Applicant provides three primary purposes for pursuing the Control Transaction: (1) The Control Transaction would benefit shippers through improved service and increased operating efficiencies; (2) the Control Transaction would preserve and enhance competition in the Northeast surface transportation market; and (3) the Control Transaction would preserve and possibly increase jobs on the D&H South Lines by integrating D&H employees with NSR operations and organically growing traffic on the lines.

Financial Arrangements. According to the Applicant, if the Control Transaction is approved, NSR will pay D&H $217 million in cash. The Control Transaction would not require the issuance of any new securities or any other financial arrangement that would require the Board's approval. The Control Transaction would not result in any new debt or increase NSR's annual interest expense. Applicant further states that the Control Transaction would result in operating expense savings of $2.7 million annually.

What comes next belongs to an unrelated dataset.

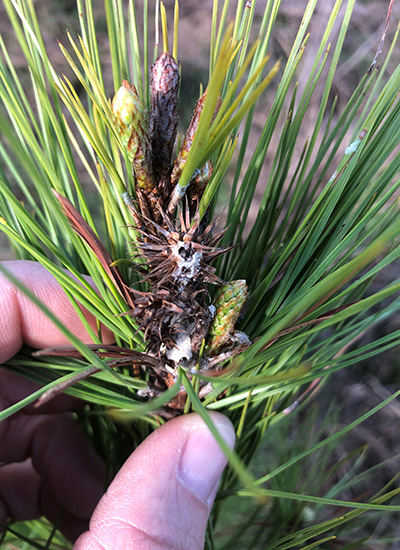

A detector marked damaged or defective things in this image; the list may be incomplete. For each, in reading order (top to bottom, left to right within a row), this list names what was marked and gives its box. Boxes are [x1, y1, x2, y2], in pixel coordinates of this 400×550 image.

blackened damaged bud [148, 54, 180, 188]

Passenger Service Impacts. Applicant states that the Control Transaction would not affect passenger rail service because there is no scheduled passenger service over the D&H South Lines. Applicant states that passenger service does exist on the portion of the D&H lines over which Applicant seeks to modify trackage rights in FD 34209 (Sub-No. 1), but Applicant does not anticipate any adverse effects on passenger service as a result of the transaction.

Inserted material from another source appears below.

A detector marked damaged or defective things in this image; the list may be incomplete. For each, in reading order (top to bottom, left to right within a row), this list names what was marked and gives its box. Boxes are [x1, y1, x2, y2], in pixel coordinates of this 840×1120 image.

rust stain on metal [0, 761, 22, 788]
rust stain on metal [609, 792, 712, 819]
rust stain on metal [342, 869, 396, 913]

Discontinuances/Abandonments. Applicant states that it does not anticipate any transaction-related line abandonments. Applicant does expect D&H will be filing for authority to discontinue trackage rights over certain NSR lines because D&H has determined those trackage rights are no longer economically justified.[2]

Public Interest Considerations. Applicant states that the Control Transaction would have no anticompetitive effects. According to the Applicant, the Control Transaction would not create a monopoly and would not result in any restraint of trade in freight surface transportation in any region of the United States. Applicant further states that, even if there are anticompetitive effects to the Control Transaction, they are clearly outweighed by the substantial public benefits of the transaction.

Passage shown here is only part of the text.